It's the 216th anniversary of the landmark descent to Paris by a very brave Frenchman. Today's interactive doodle lets you get in on the action.




(Credit: Google/Screenshot by CNET)


Parachute jumps didn't start with the 82nd Airborne or even the airplane era. Tuesday's Google Doodle is here to point us all the way back to the 18th century, and have a little fun doing it.

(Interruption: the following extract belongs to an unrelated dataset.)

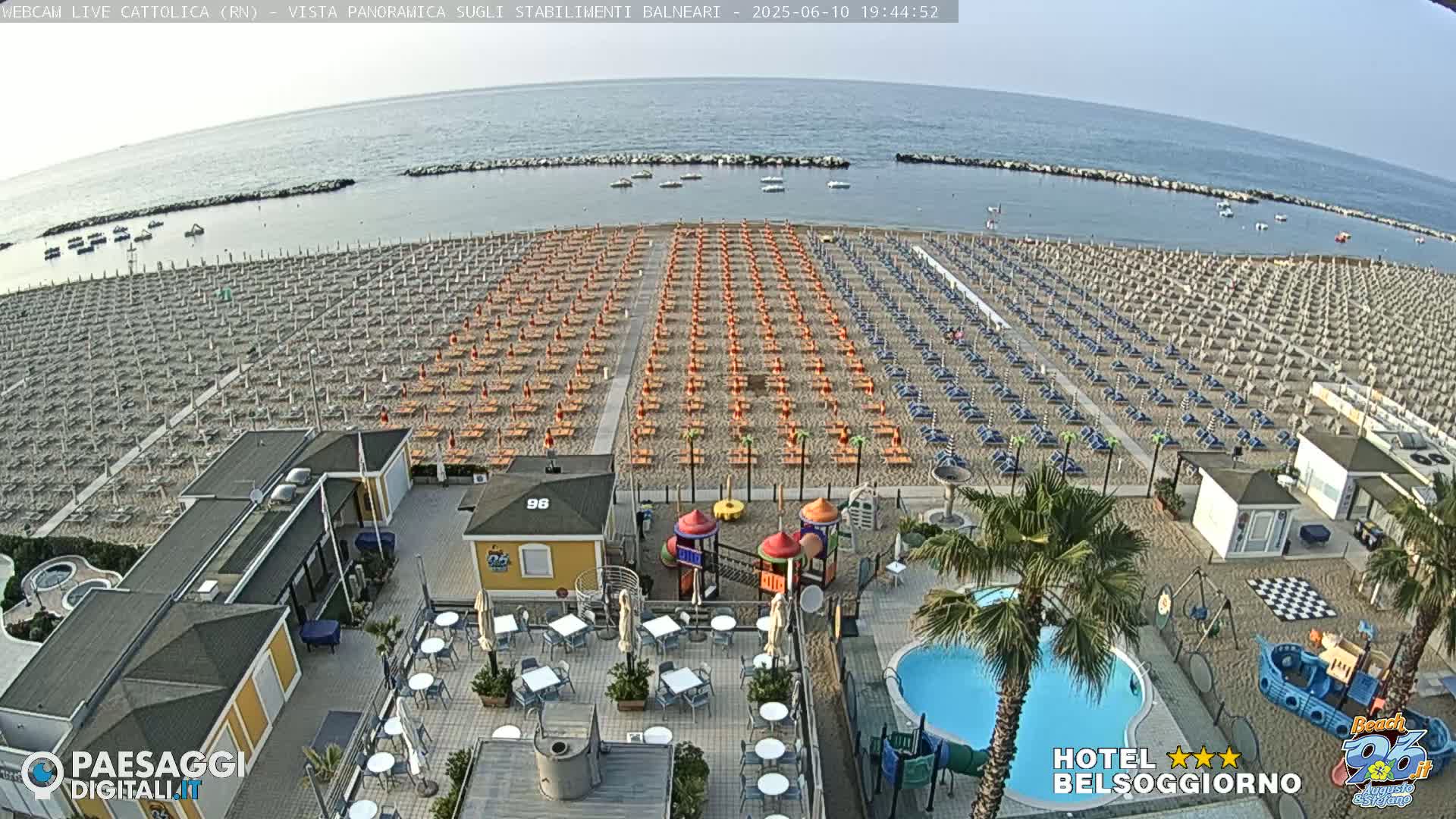 An aerial view of a beach with numerous umbrellas and lounge chairs, a small playground, a swimming pool, and a beachfront restaurant, on a clear day.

The Google Doodle for October 22 commemorates what the know-it-all search site describes as "the 216th anniversary of the first parachute jump." That could only be the descent from a hot-air balloon at 3,000 or so feet above Paris in 1797 by an Enlightenment Era daredevil named André-Jacques Garnerin. (Wikipedia's parachute page cites a couple of long-gone Frenchmen who might take issue with the claim, but c'est la vie.)


The ride down was apparently not particularly pleasant for Garnerin, who first had to cut himself loose from the hot-air balloon that had carried him aloft, but he landed without injury.


You can relive the moment without risk of airsickness via today's interactive Google Doodle, which lets you use your arrow keys to guide a cartoon Garnerin safely back to Earth.


In a somewhat cosmic coincidence, Felix Baumgartner's supersonic skydive last year also involved a balloon ascent -- albeit way, way higher, to about 24 miles in the sky -- and came just eight days shy of the 215th anniversary of Garnerin's plunge. Chances are that the plucky Garnerin was packing a little less high-tech gear.